Landschapselement grenzend aan bouwland. Landschapselementen tellen alleen mee als ze aangrenzend zijn aan bouwland. Zowel het landschapselement als het bouwland moet bij uw bedrijf in gebruik/beheer zijn. Dit is anders dan bij landschapselementen waarvoor u alleen subsidie aanvraagt en niet inzet voor GLMC 8. Deze subsidiabele landschapselementen moeten grenzen aan landbouwgrond. De landbouwgrond hoeft niet bij uw bedrijf in gebruik te zijn.

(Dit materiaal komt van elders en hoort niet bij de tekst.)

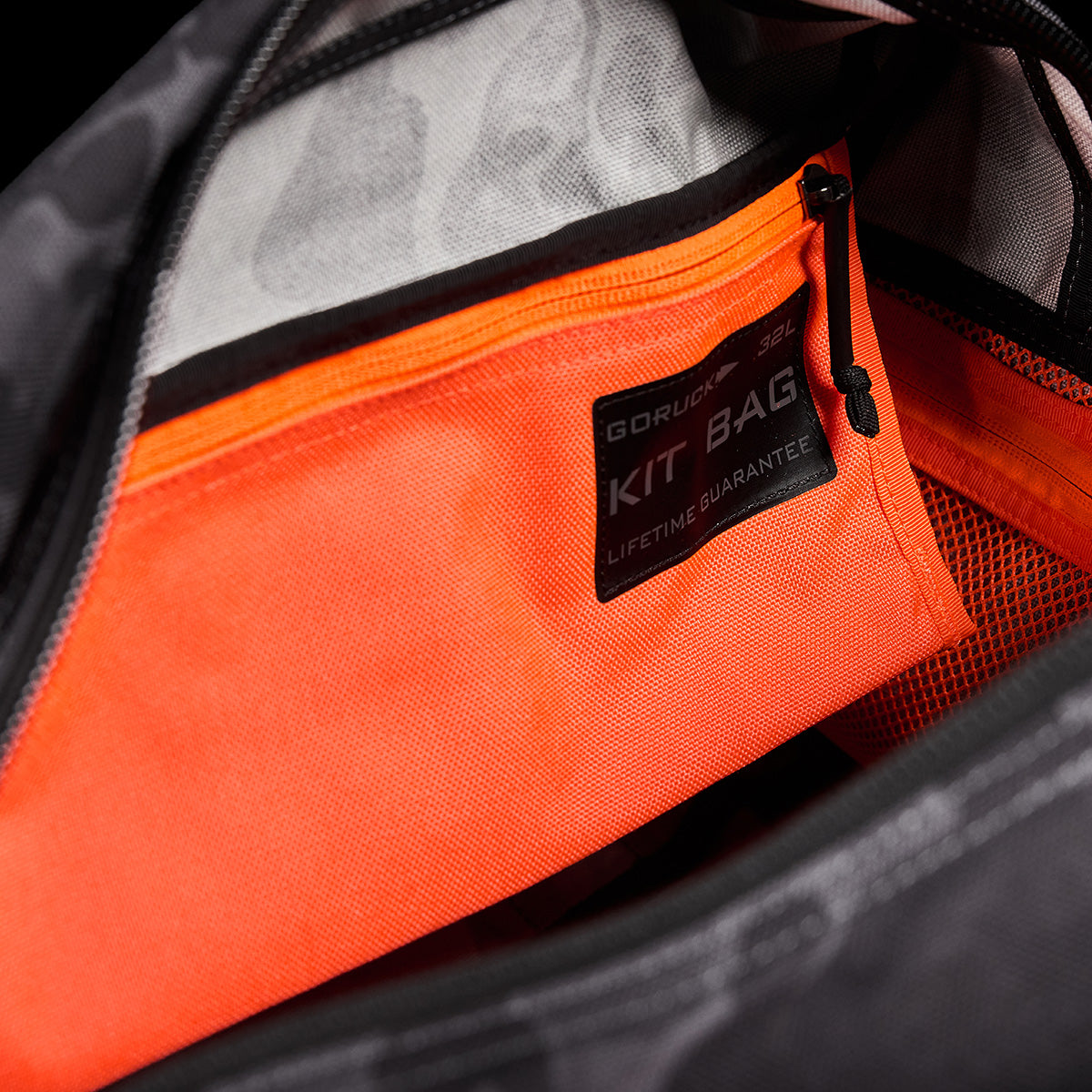 Close-up of an open bag displaying an orange zippered pocket inside. A label on the pocket reads GORUCK Kit Bag: Lifetime Guarantee. The interior of the bag is gray with black accents, and the unzipped zipper reveals a vibrant orange inner pocket, reminiscent of Special Forces Flight Bags.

Definitie ‘aangrenzend’. Een landschapselement is aangrenzend indien:
- het landschapselement maximaal vijf meter van uw landbouwgrond (of bouwland) ligt. Er mag daardoor bijv. een pad liggen tussen het landschapselement en uw grond;
- het landschapselement direct grenst aan een ander landschapselement, dat op of binnen vijf meter van landbouwgrond (of bouwland) ligt;
- een landschapselement met een duidelijke lange en korte zijde (bijv. een sloot of houtwal) moet ten minste met de lange zijde aan landbouwgrond (of bouwland) of een ander subsidiabel landschapselement grenzen.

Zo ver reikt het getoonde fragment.